Would you reproduce, without any alteration, the lines from the opening line of the entries through the line that has "paper hole tearing" in it?

Given entries:
BEGIN
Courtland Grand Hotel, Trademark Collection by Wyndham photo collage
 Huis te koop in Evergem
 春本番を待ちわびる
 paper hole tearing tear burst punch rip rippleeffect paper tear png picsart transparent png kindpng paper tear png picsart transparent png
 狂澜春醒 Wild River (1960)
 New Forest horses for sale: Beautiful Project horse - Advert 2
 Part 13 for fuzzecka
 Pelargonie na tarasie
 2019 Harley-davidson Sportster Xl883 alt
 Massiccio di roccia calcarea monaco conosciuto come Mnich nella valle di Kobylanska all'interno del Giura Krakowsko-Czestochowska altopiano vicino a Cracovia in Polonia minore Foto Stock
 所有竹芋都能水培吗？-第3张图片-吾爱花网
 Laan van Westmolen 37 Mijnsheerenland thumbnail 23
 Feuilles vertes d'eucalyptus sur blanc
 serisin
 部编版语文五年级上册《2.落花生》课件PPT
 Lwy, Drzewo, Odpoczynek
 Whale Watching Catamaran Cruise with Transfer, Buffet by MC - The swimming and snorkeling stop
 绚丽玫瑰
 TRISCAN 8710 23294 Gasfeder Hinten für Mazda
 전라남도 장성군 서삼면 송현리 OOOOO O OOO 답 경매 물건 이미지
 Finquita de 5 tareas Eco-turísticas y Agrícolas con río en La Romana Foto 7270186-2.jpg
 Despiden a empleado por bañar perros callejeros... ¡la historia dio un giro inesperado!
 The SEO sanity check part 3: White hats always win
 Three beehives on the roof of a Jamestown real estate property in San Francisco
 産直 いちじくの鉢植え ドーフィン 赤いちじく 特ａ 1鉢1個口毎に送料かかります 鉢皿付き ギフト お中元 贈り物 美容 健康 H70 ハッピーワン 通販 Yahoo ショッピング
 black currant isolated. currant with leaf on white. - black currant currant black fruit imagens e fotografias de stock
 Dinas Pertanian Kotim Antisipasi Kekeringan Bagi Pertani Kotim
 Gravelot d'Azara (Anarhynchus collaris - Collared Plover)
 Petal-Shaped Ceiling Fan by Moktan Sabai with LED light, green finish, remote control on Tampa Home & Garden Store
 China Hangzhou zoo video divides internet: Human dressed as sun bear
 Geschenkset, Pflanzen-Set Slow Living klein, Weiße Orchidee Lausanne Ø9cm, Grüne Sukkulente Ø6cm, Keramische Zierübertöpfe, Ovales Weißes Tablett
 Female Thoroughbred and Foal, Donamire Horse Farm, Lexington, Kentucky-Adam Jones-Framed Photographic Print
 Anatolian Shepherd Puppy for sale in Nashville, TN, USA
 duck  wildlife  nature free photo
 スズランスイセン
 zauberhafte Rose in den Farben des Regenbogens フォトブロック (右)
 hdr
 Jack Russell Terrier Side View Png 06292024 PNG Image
END
Response box:
Courtland Grand Hotel, Trademark Collection by Wyndham photo collage
 Huis te koop in Evergem
 春本番を待ちわびる
 paper hole tearing tear burst punch rip rippleeffect paper tear png picsart transparent png kindpng paper tear png picsart transparent png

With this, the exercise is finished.